--- AIM OF THE EXERCISE ---
When the line containing "Eco-School Bronze Award · 臺美生態學校銅牌認證" appears in the entries below, begin printing there and stop after the line containing "Caribou Grazing Near"; print each of those lines exactly and no other line.

--- INPUT DATA ---
────
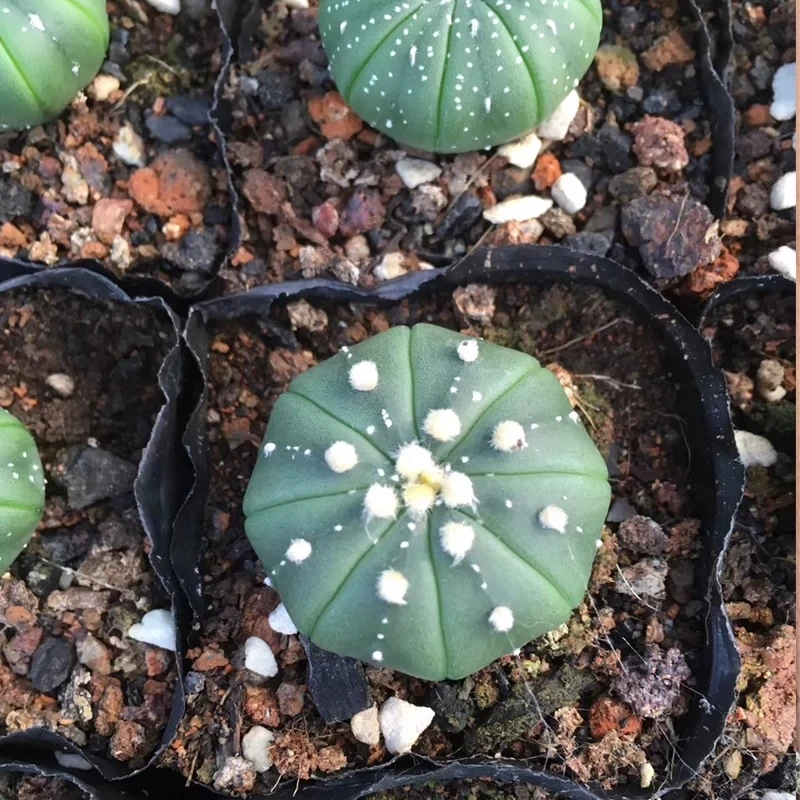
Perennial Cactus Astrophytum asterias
────
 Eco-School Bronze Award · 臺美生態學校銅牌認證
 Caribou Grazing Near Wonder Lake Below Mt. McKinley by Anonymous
────
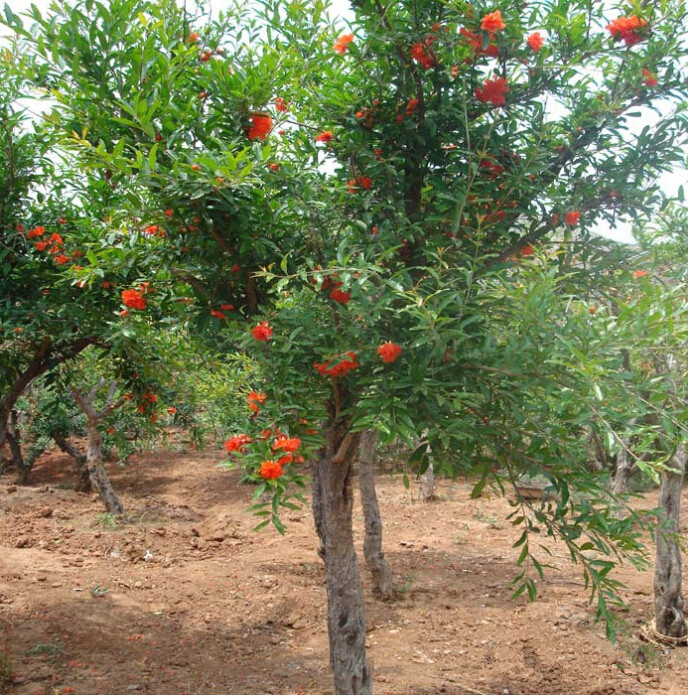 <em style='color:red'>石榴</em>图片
────
--- ANSWER AREA ---
 Eco-School Bronze Award · 臺美生態學校銅牌認證
 Caribou Grazing Near Wonder Lake Below Mt. McKinley by Anonymous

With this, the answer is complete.